According to Green Car Reports, a ZETA (Zero Emission Transportation Association) poll of 1000 US voters revealed that 79% support consumer incentives that help reduce the purchase price of EVs, and 69% of voters support federal, state, and local investments in EV charging infrastructure. The survey also found that one in five American car owners would “definitely choose” an EV as their next purchased vehicle. At the same time, 27% would “strongly consider” an EV—adding up to nearly half of vehicle owners in the poll leaning favorably toward a fully electric as their next vehicle.1

Notwithstanding the fact that EVs create less of a carbon footprint and are proven to be better for the environment and our planet overall, the draw towards the EV and AV doesn’t necessarily stem from that purpose alone. Drivers who feel the need for speed can’t deny the sheer power exploding from the battery pack underneath an EV. Rivian’s R1T pickup truck can hit 0.60mph in 3.0 seconds. Porsche’s Taycan Turbo S jumps the line and hits 0-60mph in 2.6 seconds. Lucid’s Air Dream Edition comes in just under the Taycan at 2.5 seconds, and Tesla’s Model S Plaid hits 0-60mph in a mind-blowing 2.1 seconds.

Screenwriters and producers may have dreamed up the self-driving vehicle. Still, no movie or cartoon ever anticipated autonomous sedans and electric pickup trucks outperforming the Ferrari Testarossa, Lamborghini Countach, Lotus Esprit, or Chevrolet Corvette. Granted, the Lexus 2054 from Minority Report and the Audi RSQ from iRobot look like sexy sports cars from the 1980s, but we never got to see them compete on the line, and they aren’t real. Ordering a Tesla Model S Plaid or a Porsche Taycan Turbo S is as easy as clicking a few buttons and marking your calendar for arrival. Once you take delivery of one of these true-to-life speedsters, you have a legitimate dragster straight from the poster you hung on the wall as a teen. You can line up on the street next to any modern gasoline-powered sports car, hit the pedal, and watch the reaction on the face of the guy or gal in the driver’s seat of the car that used to be next to you in your rearview mirror.
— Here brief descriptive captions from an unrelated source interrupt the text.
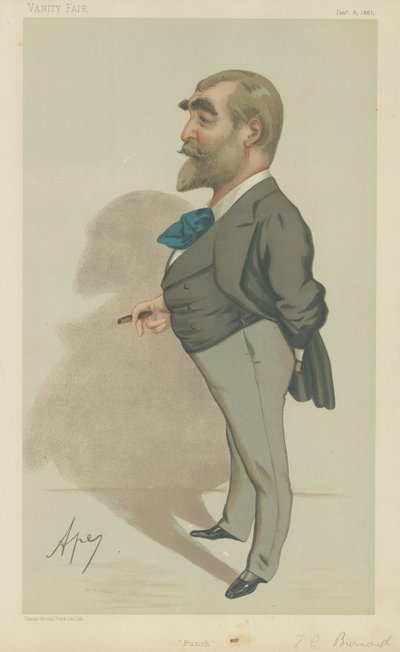 Pan Francis Burnard autorstwa Carlo Pellegrini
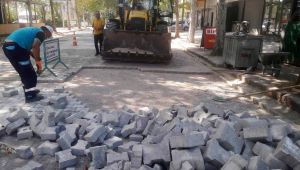 Yol Bakım Timi kentin yollarını nakış gibi işliyor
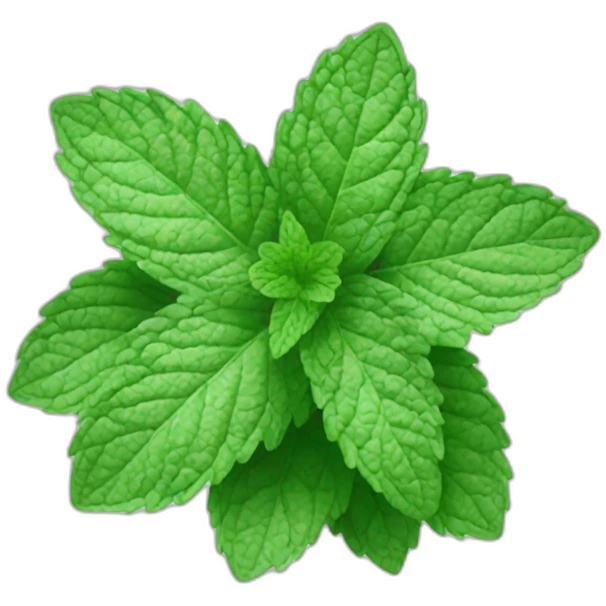mint emoji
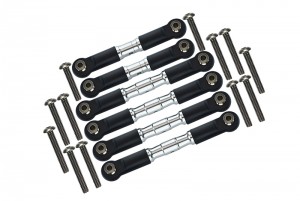 GPM MAG160 ALUMINIUM TIE RODS ARRMA 1/10 GRANITE 4X4 MEGA MOSTER TRUCK - MAG160-S-BEBK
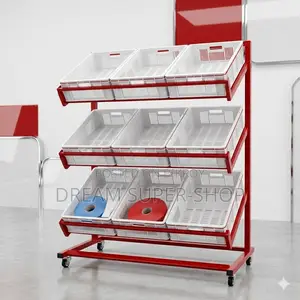 Green Market Rack – Smart Vegetable & Fruit Display Solution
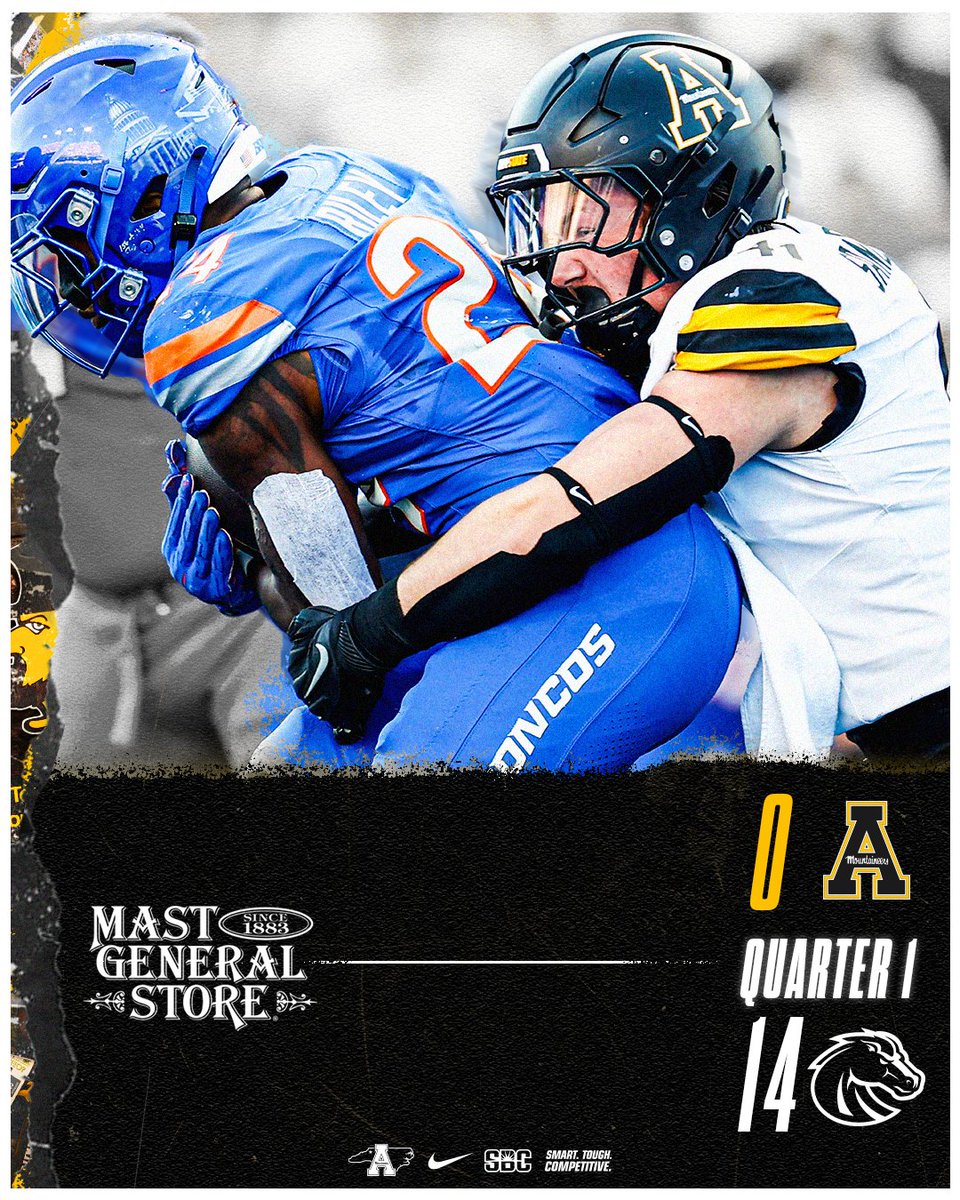 App State Football tweet media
This brings to mind the scene in the 1985 Hollywood comedy, Better off Dead, when John Cusack’s character Lane Meyer trades his 1973 Ford LTD wagon for a shiny black 1967 Chevrolet Camaro hot-rod, he restored and sets up a race with his Howard Cosell-speaking Asian drag-racing nemeses. Except this time, the Camaro would be the one up against the Tesla Plaid, and it would lose.

The completely autonomous Hollywood-based science fiction future we dreamed of is almost here. Despite self-driving technology’s infancy, the stars and planets are aligning. New breakthroughs happen every day that edge us closer to our childhood fantasies of jumping into cars that drive on their own while traveling to work and for leisure. Futuristic transportation to have and to hold is becoming a tangible reality, much to the excitement of young and old. EV automakers like Tesla, Rivian, Waymo, and NIO will continue to trailblaze cutting-edge autonomous technology. Whether they be Jetsons, Trekkies, or Jedi, online enthusiasts continue to celebrate and promote this new and upcoming autonomous age.

If innovators and dreamers continue to make the impossible possible, roads won’t be the only place where the dreams of our youth can come true.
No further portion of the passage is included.